= Megumi Kinukawa =

Japanese long-distance runner (born 1989)

Megumi Kinukawa (絹川 愛, Kinukawa Megumi) is a Japanese long-distance runner. She represented her country at the 2007 World Championships in Athletics in Osaka and is the Japanese high school and junior record holder for the 10,000 metres.

Born in Takasaki, Gunma, she attended Sendai Ikue High School – an institution renowned for its athletic programme. Kinukawa made her first impact on the national junior circuit in 2006, as she won the junior race at the Fukuoka International Cross Country and was runner-up at the Chiba Cross Country two weeks later. This gained her a debut international selection at the 2006 IAAF World Cross Country Championships (also held in Fukuoka), where the sixteen-year-old came in fourteenth place and helped the Japanese girls to a team bronze medal. Turning to the track later that April, she ran a national junior record in the 10,000 metres at the Hyogo Relay Carnival, placing second behind Lucy Wangui with a mark of 31:35.27 minutes – raising her to eleventh on the all-time junior rankings.
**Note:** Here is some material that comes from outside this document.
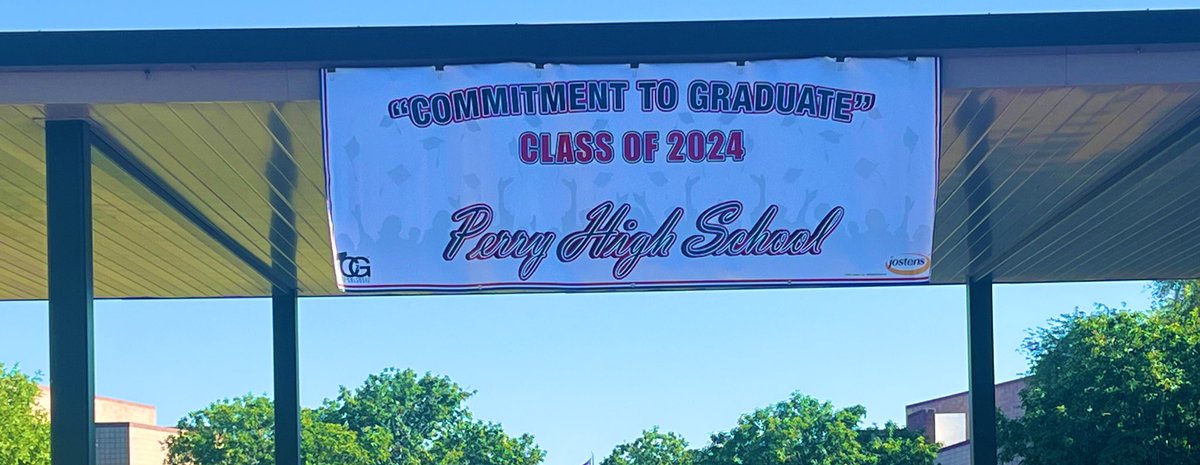 SENIORS……..the countdown has begun! Your banner is up! @perry_pumas @perrypumas @Jostens LOVE our SENIORS! Class of 2024 ❤️💙@ChandlerUnified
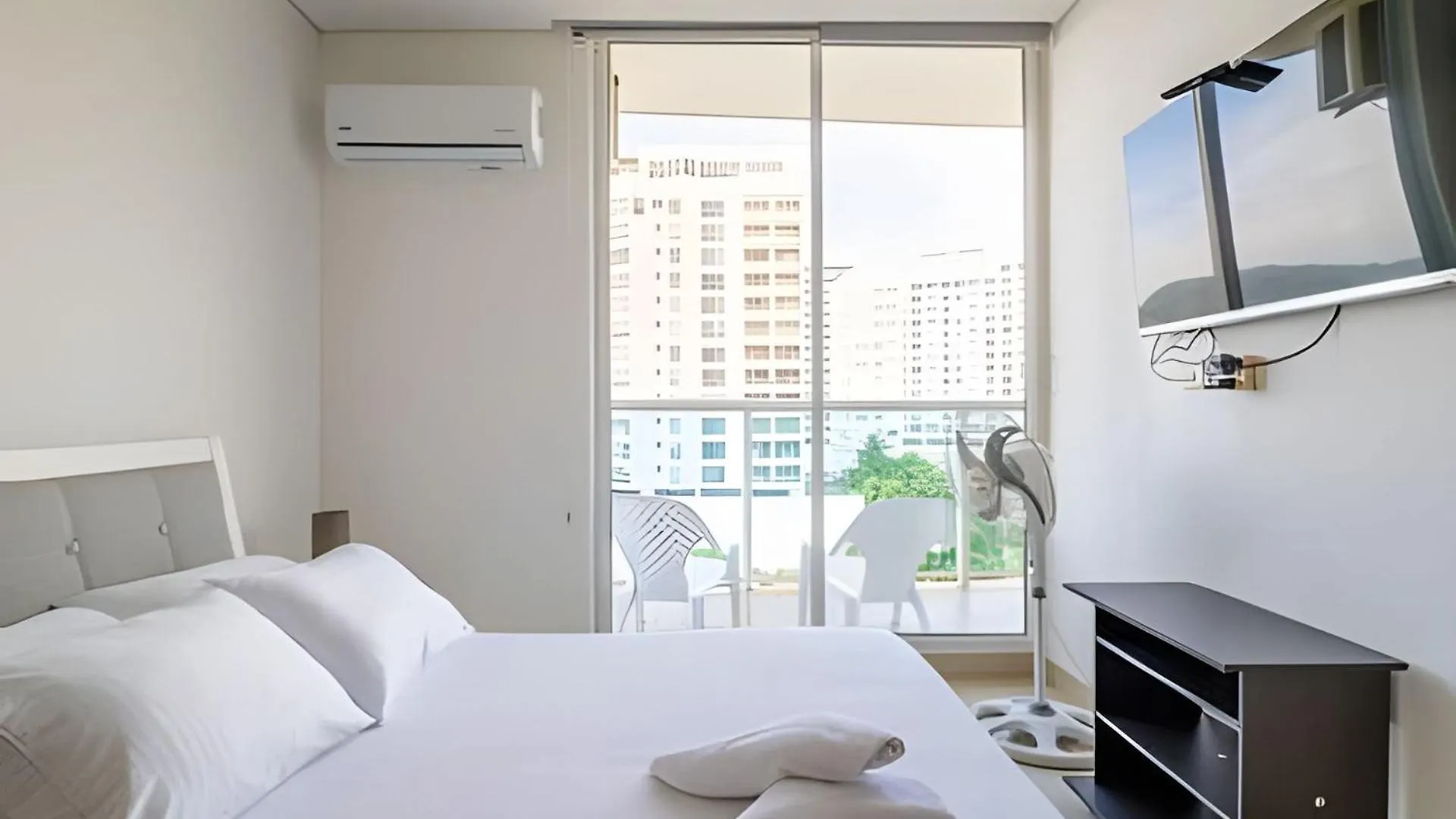 Apartamento 5* 1H Piscina y Spa, frente a playa Playa Salguero Santa Marta Colombia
Kinukawa ran at the Fukuoka Cross Country in 2007 and became the first high school student to win the senior title at the competition. With the 2007 World Championships in Athletics to be held in Osaka, she opted to focus on her track performances and achieved the "A" standard for the 10,000 m in April. She took third place in the event at the Japanese Athletics Championships and earned her first senior selection as a result. At the World Championships in Osaka that August she came fourteenth in the women's 10,000 m, coming in as the second best Asian finisher behind compatriot Kayoko Fukushi. Kinukawa took to the roads at the end of the year to compete for the Japanese team at the Chiba International Ekiden. She played a key role in Japan's victory at the competition, winning the fourth stage and closing the gap on Catherine Kirui of then-leaders Kenya.

She suffered a stress fracture injury to her foot in April 2008 and only returned to serious competition in 2009. The injury continued to affect her running and she managed only 56th place at the 2010 Chiba Cross Country. The 2011 season saw her return to form and breakthrough into the senior ranks with a win over 5000 m at the Japanese Athletics Championships and then a third-place finish on her half marathon debut at the Sapporo Half Marathon. At the 2011 World Championships in Athletics in Daegu she missed out on qualification in the 5000 m and finished last over 10,000 m.

She was the only Japanese to reach the podium at the 2012 Chiba Cross Country in February, taking third behind Kenyan opposition, and repeated that placing at the Fukuoka meet.